A la sombra de esa universalidad es más fácil, asimismo, el encanallamiento local de las conciencias. Amparados en la impunidad supuesta de su propio poder particular, muchos vasallos caen en la tentación de imitar a su señor, recurriendo, y esto es lo definitivamente perverso, a una brutal apropiación de la palabra democracia que está socavando toda convicción democrática. Así articulada, la escenografía de la mentira exige continuamente carne de cañón para el sacrificio.

Tenemos entre nosotros muchos aprendices de brujo dispuestos a la tarea, empezando, le corresponde este honor, por el presidente del Gobierno. Entre los muchos desvaríos últimos del señor Aznar (nada peor que a un hombrecillo los aduladores le concedan una estatura de estadista y se lo crea), el más desagradable en su obsesión por encontrar, como sus mentores trasatlánticos, carne de cañón adecuada. Y en esa búsqueda uno de los episodios más sórdidos es el de la detención de los 16 magrebíes en Girona acusados de terrorismo y su escandalosa retención posterior. En su momento, tuve la escasa fortuna de oír la noticia en el espectral telediario de TVE y su utilización inmediata por parte de Aznar: ninguna presunción de inocencia, ningún atisbo de separación de poderes, ningún pudor en la manipulación informativa. Palabras inconstitucionales y, de confirmarse la inocencia de los detenidos, posiblemente delictivas.

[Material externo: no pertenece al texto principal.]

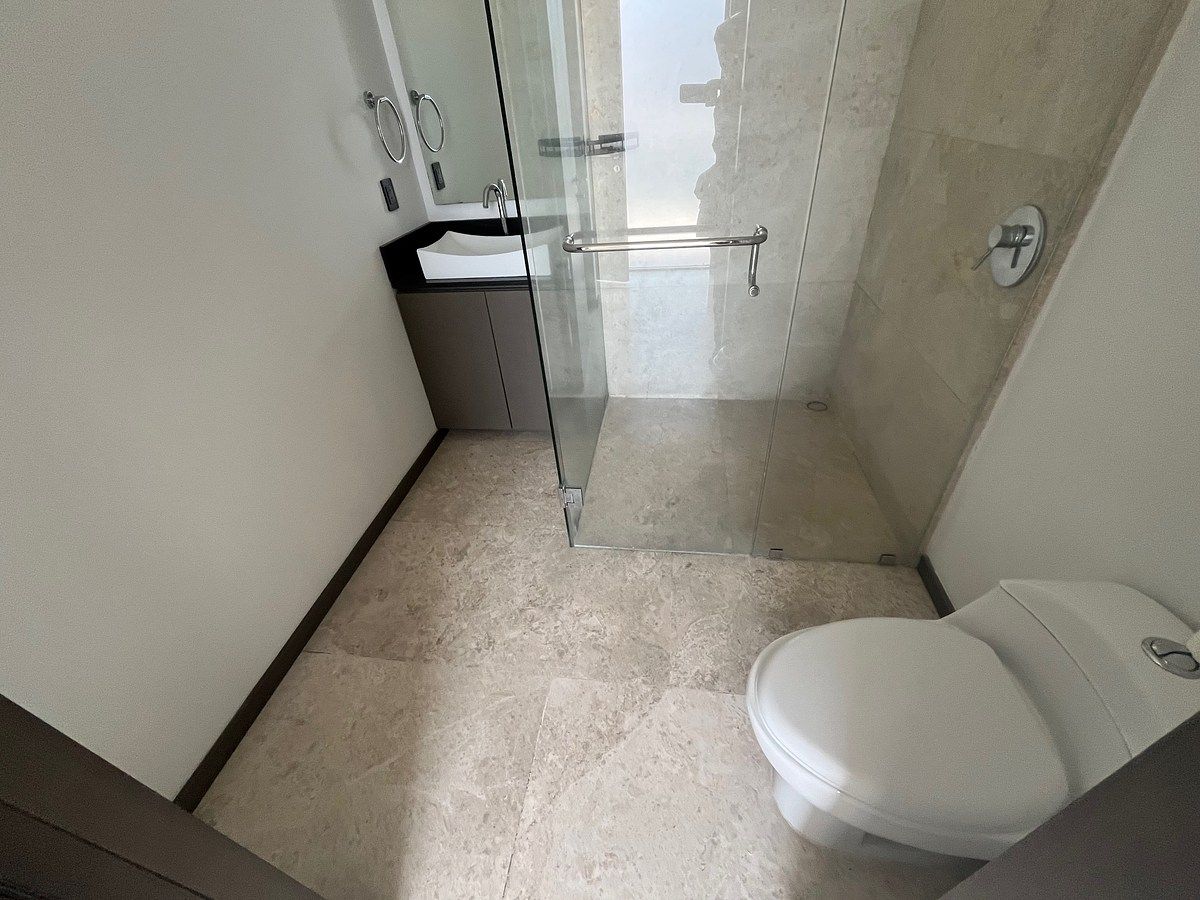 22 de 37: baño completo principal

Pero la carne de cañón sólo tiene interés para ser sacrificada en la culpabilidad. Inocente, deja de ser carnalidad informativa y es tan sólo un rastro de sufrimiento perdido en una esquina de la actualidad. Y sin embargo, nada debería preocuparnos más que la existencia de carne de cañón para el consumo público. (Por cierto, las autoridades catalanas deberían haber reaccionado con firmeza frente a esta carne de cañón catalana, dado que estos 16 hombres vivían y trabajaban en Cataluña; ¿recuerdan la fórmula?).

Nada debería preocuparnos más puesto que, cuando se admite cobardemente la existencia de carne de cañón, suena la señal que da inicio a la marcha colectiva hacia el sacrificio.